ACTIVITY:
Would you output the listing exactly, with every image omitted?

PROVIDED MATERIAL:

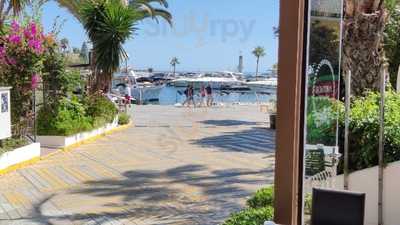 Portside Bar & Grill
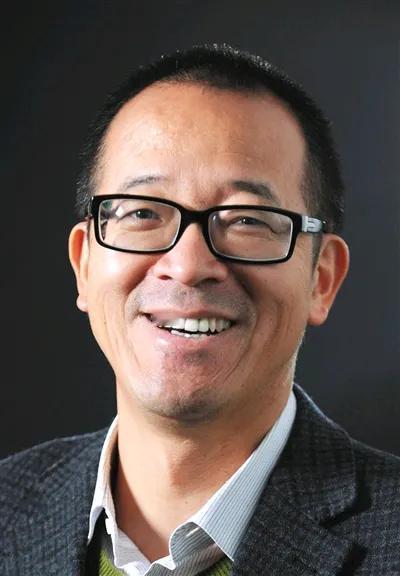 俞敏洪也许是中国的知名企业家中最可怜的一个。
今年62岁的俞敏洪，近日感慨，网暴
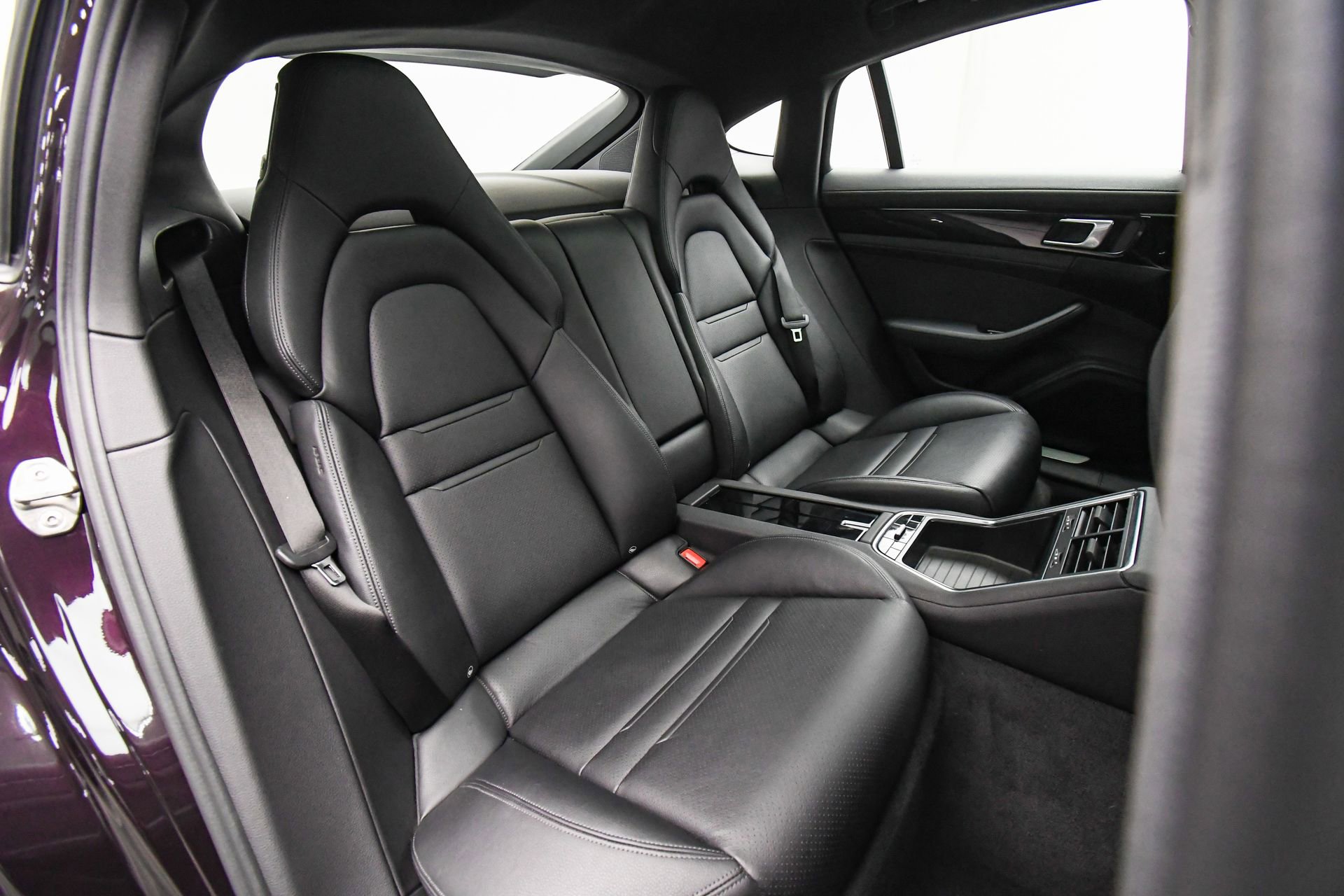 Used 2022 Porsche Panamera 4S image 49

REPLY:
 Portside Bar & Grill
 俞敏洪也许是中国的知名企业家中最可怜的一个。
今年62岁的俞敏洪，近日感慨，网暴
 Used 2022 Porsche Panamera 4S image 49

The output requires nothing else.